Devarim 10:18
He brings justice to the orphan and widow, and loves the foreigner, granting him food and clothing.
Oseh mishpat yatom ve'almanah ve'ohev ger latet lo lechem vesimlah.
An article in the Jpost provides us with a brief glimpse into the lives of the six soldiers who persihed in a helicopter crash in Romania this week.
“Kisses to everyone,” Lt.-Col (res.) Avner Goldman, 48, wrote in a text message to his wife, Orit, hours before he was killed along with five other IAF airmen and a Romanian officer during a helicopter training flight in Romania on Monday.
...Goldman, a father of four, celebrated his birthday just before leaving for Romania last week. ...In Moshav Sharona near Tiberius, Duby Keshet spoke with reporters about his son, Maj. Yahel Keshet, 33, from Kibbutz Hatzerim, who was married and the father of two small children.
...Boxes were still stacked outside the home of Lt.-Col. Daniel Shipenbauer, 43, who moved to Moshav Kidron with his wife and three children just before leaving for Romania.

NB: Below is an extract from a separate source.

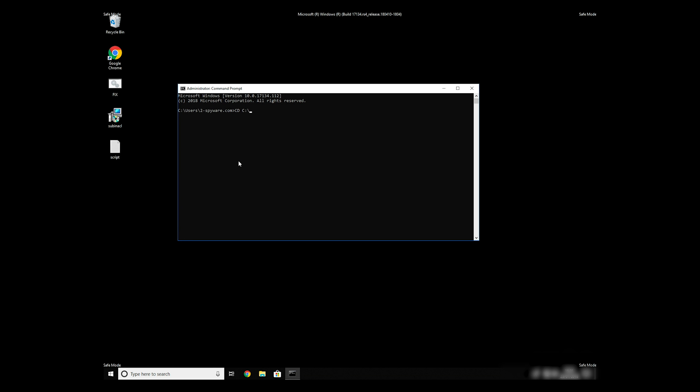Then type CD C Program Files Windows Resource Kits Tools.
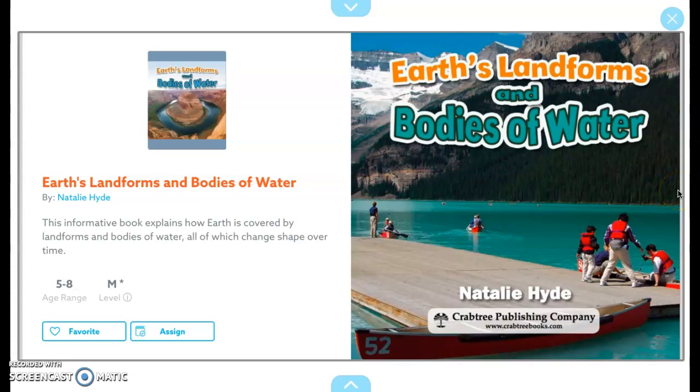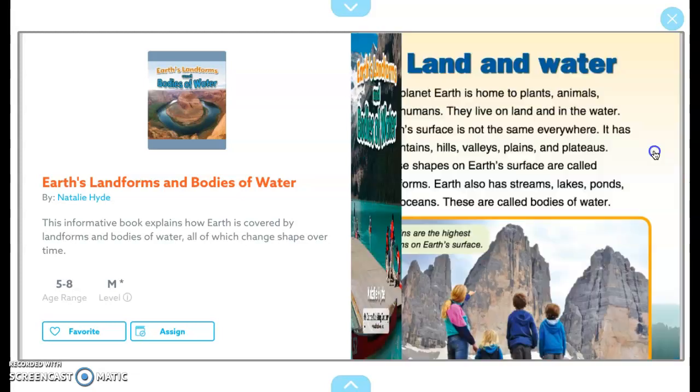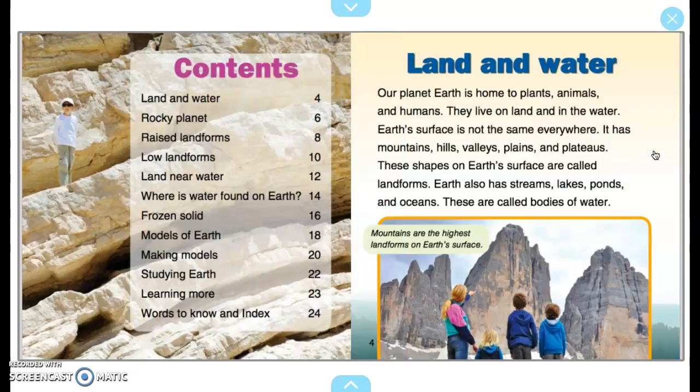Earth's Landforms and Bodies of Water by Natalie Hyde. Contents: Land and Water, Rocky Planet, Raised Landforms, Low Landforms, Land Near Water, Where is Water Found on Earth, Frozen Solid, Models of Earth, Making Models, Studying Earth, Learning More, Words to Know and Index.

...Maj. Lior Shai, 28, from Tel Nof, was married with a four-month-old infant.
...St.-Sgt. Oren Cohen, 24, from Rehovot, followed his father into the air force..
...Lt. Nir Lakrif, 25, from Tel Nof, was married last year. His wife is four months pregnant.http://www.jpost.com/Israel/Article.aspx?id=182832
Recently I hear a lecture on Torahanytime.com given by Rabbi Wallerstein. He began the lecture by dedicating it to a forty-one year old woman who had passed away from cancer. She discovered that she had the disease at the age of twenty-six. A rabbi advised her to commit to performing a specific mitzvah and she took upon herself to collect money to help finance weddings of orphans in Israel. Before her death, she was instrumental in helping provide funds for over one hundred weddings. A rabbi who heard that the woman had passed away asked the brides to write letters about the woman's activities. The deceased was buried with more than one hundred letters from orphaned brides.
Who is going to supply testimony to our lives? We are not going to be buried with five dollars, but we can take with us the five dollar receipt for a donation to charity. We don't know how long we are destined to live - whether our lives will be cut short by a helicopter crash, a plane crash such as the one that happened today, and so on. So, let's make the most out of our lives and do mitzvot while we can. In a week where the parshat hashavua talks specifically about orphans, perhaps we can find out if the families of the fallen soldiers need financial help.
Incidentally, while listening to a shiur on Torahanytime.com, I noticed a message on the site stating that donations are critically low. Why not make a donation in the merit of the fallen soldiers?